The other thing I’m missing on Windows is a decent command line environment – Cygwin is taking care of that, including a decent terminal (mintty) and a full blown bash enviromnent with almost every Linux command line tool you could think of. Only real drawback is the missing compatibility between cygwin Links and Windows shortcuts, a usable workaround for me is using the mklink command (cmd only), which can be read by both, Cygwin and Exlorer.
The basic bblean / cygwin setup is completed by a couple of other tools, namely Launchy as program starter (instead of gmrun / Win7 start menu search), Rainmeter as conky replacement and TotalCommander file manager (bought a license once, otherwise FreeCommander is the best alternative).
For “getting things done” almost all the classic Open Source applications offer a Windows version, I’m using e.g.
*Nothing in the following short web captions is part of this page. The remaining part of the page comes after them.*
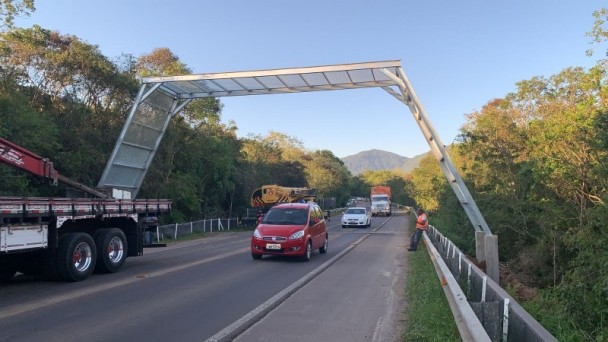 Passagem aérea integra um complexo de dispositivos que vão proteger espécies ameaçadas de extinção na Rota do Sol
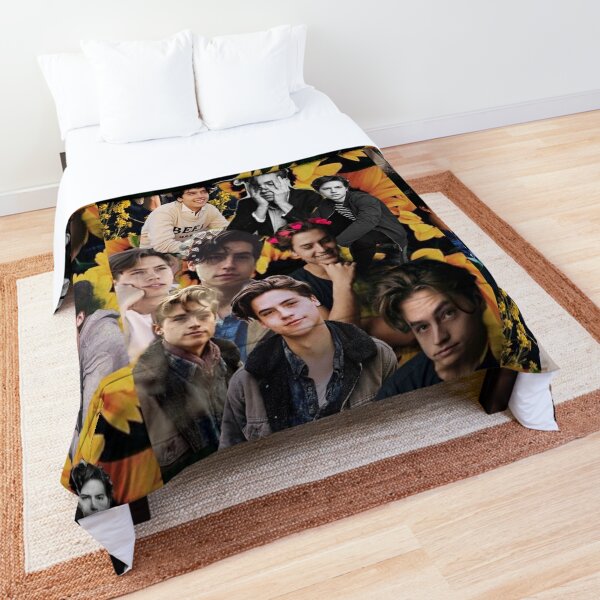 cole sprouse bed sheets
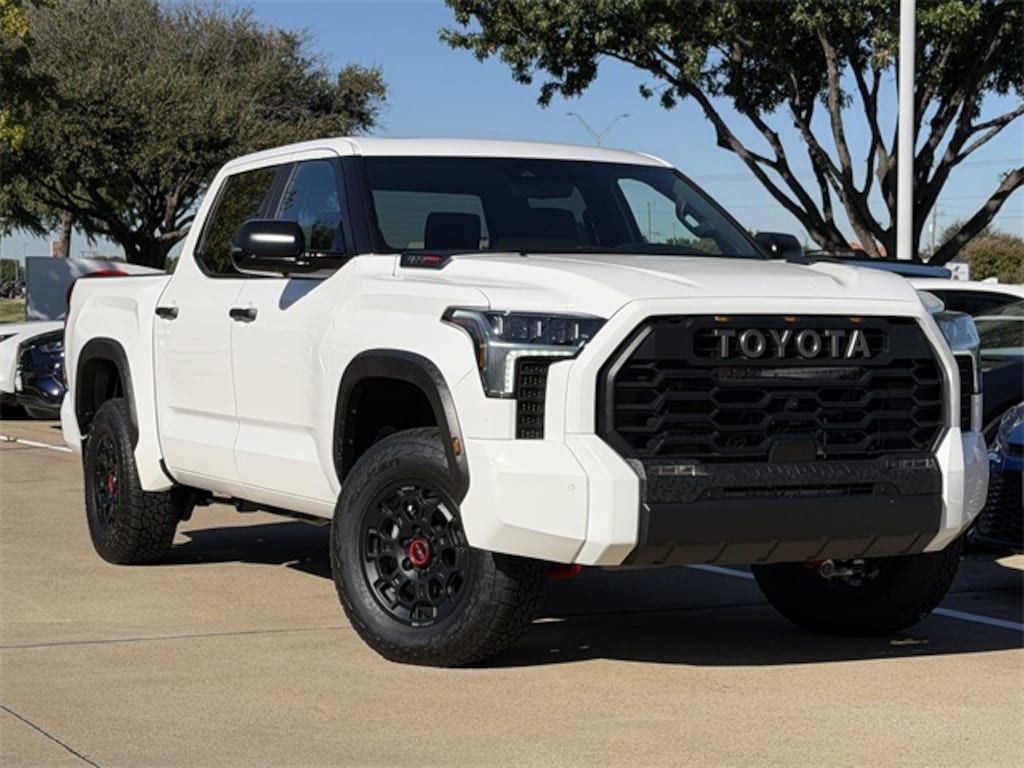 New 2026 Toyota Tundra i-FORCE MAX TRD Pro Truck CrewMax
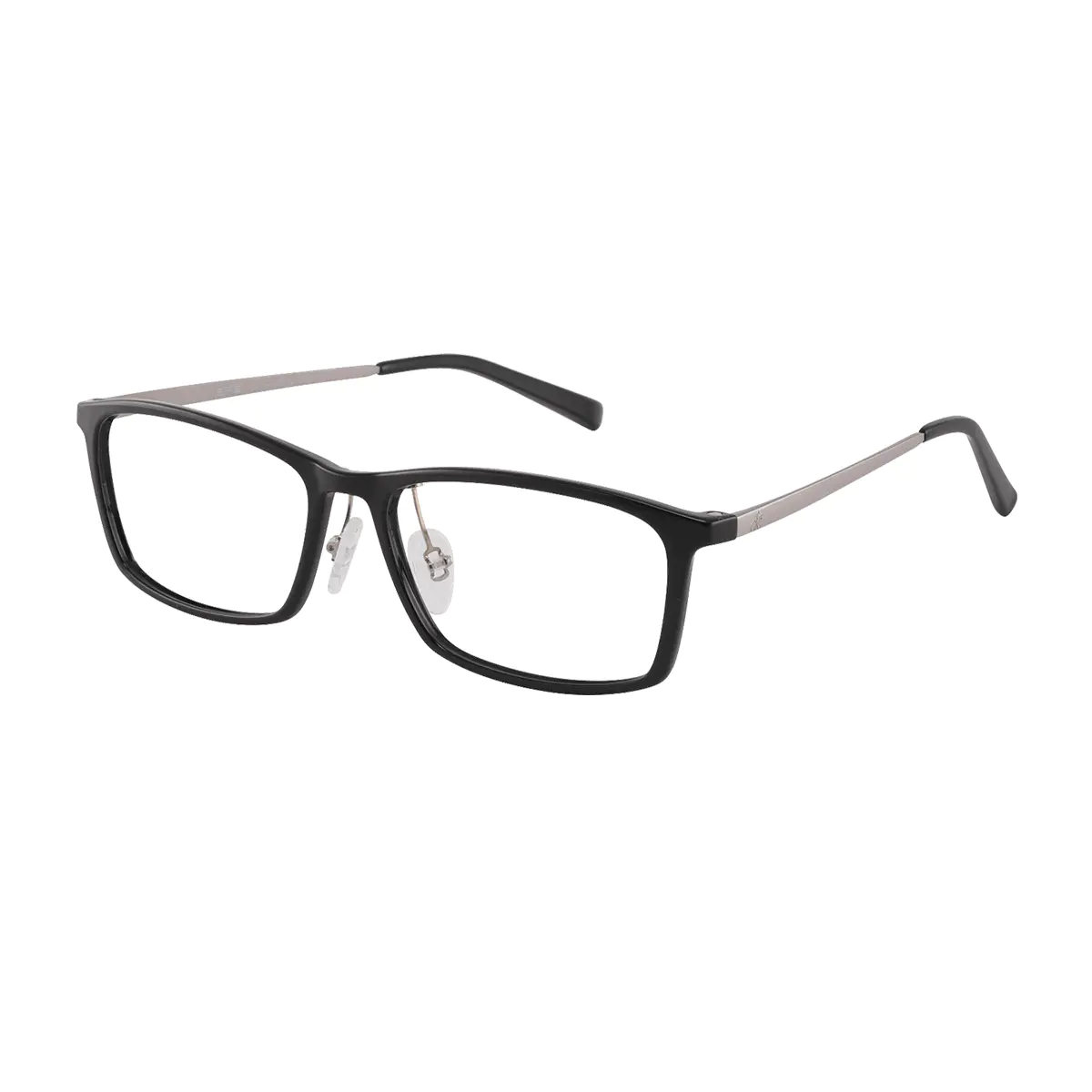 Rectangle Black Reading Glasses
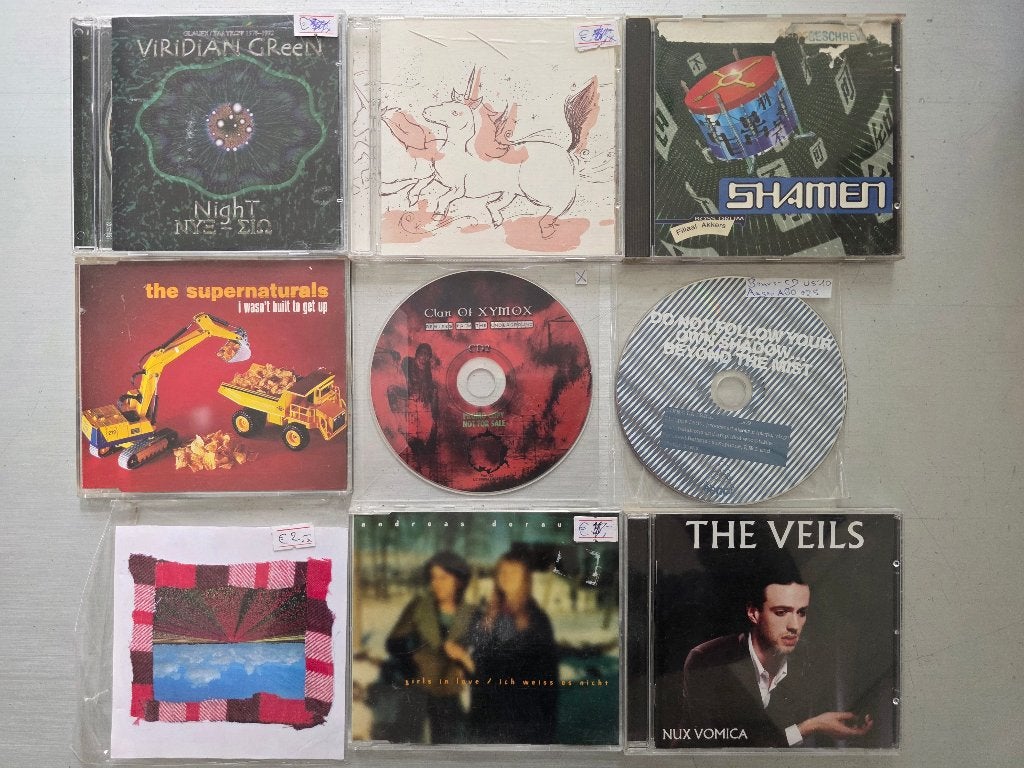 9 CD's abstract/avant-garde/experimenteel/noise/industrial, Ophalen of Verzenden, Gebruikt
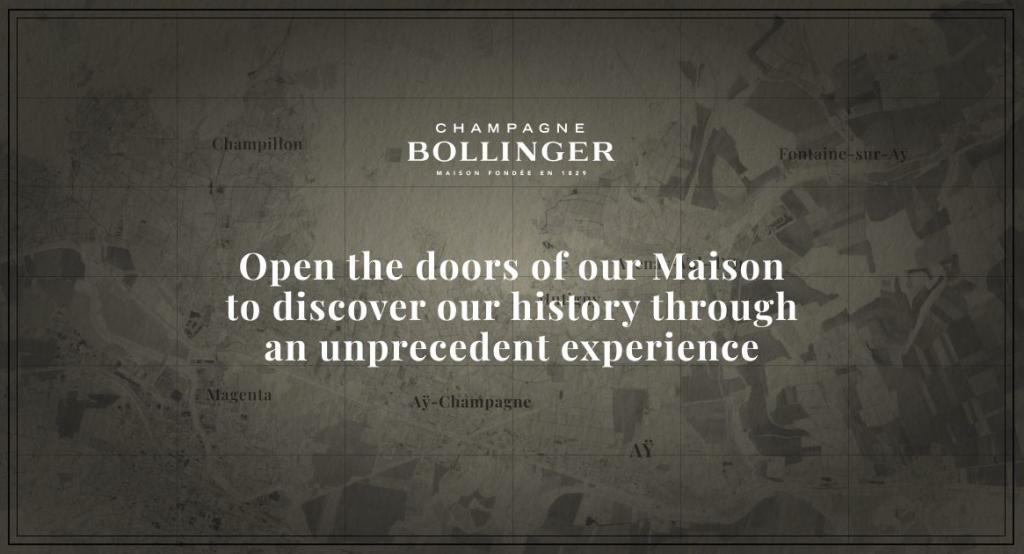 Bollinger Champagne Following the Footsteps of Our History Game – 4 Winners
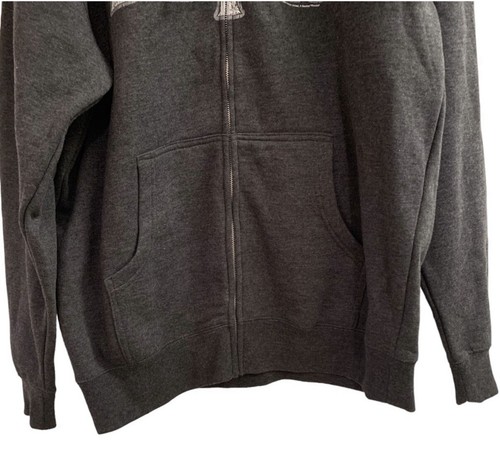 Vtg The Beatles Full Zip Grey Hoodie Sweatshirt Size Small  Pockets Fleece 2005 - Bild 4 von 11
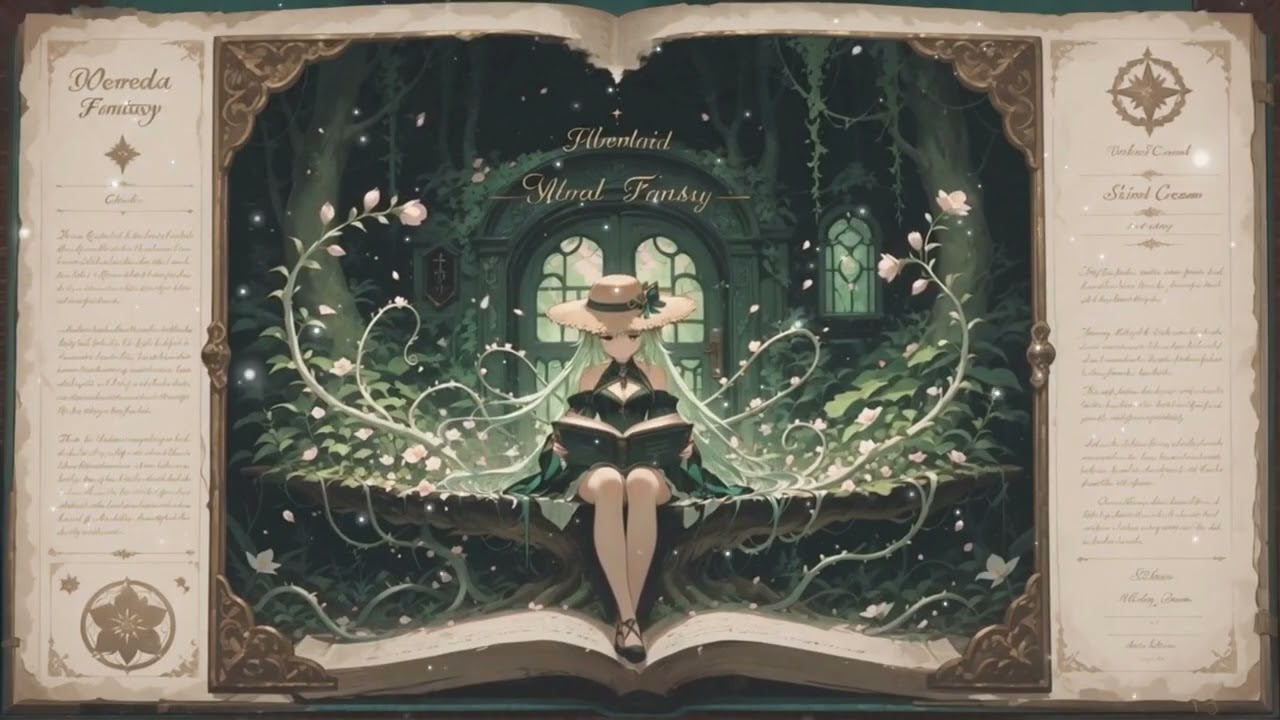 The Deep Forest Library: Ancient Magic Melodies for Absolute Focus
Firefox, LibreOffice, Gimp, Pidgin, SMplayer, VLC, … and I’m glad I can use some of my Windows only favourites again (like IrfanView, 1by1 MP3 player, Notepad++ or AutoIt).
Unfortunately there are some shortcomings that cannot be addressed by tools – the missing software repository for example (at least the update checking part can be addressed by installing Sumo), a decent user / rights management the frequent security issues (can be partly addressed by installing Avastfree antivirus) and the comparatively long boot time keep me convinced that, once my hardware is supported, Linux is still the better alternative. But until then, this configuration gives me at least something I can live with.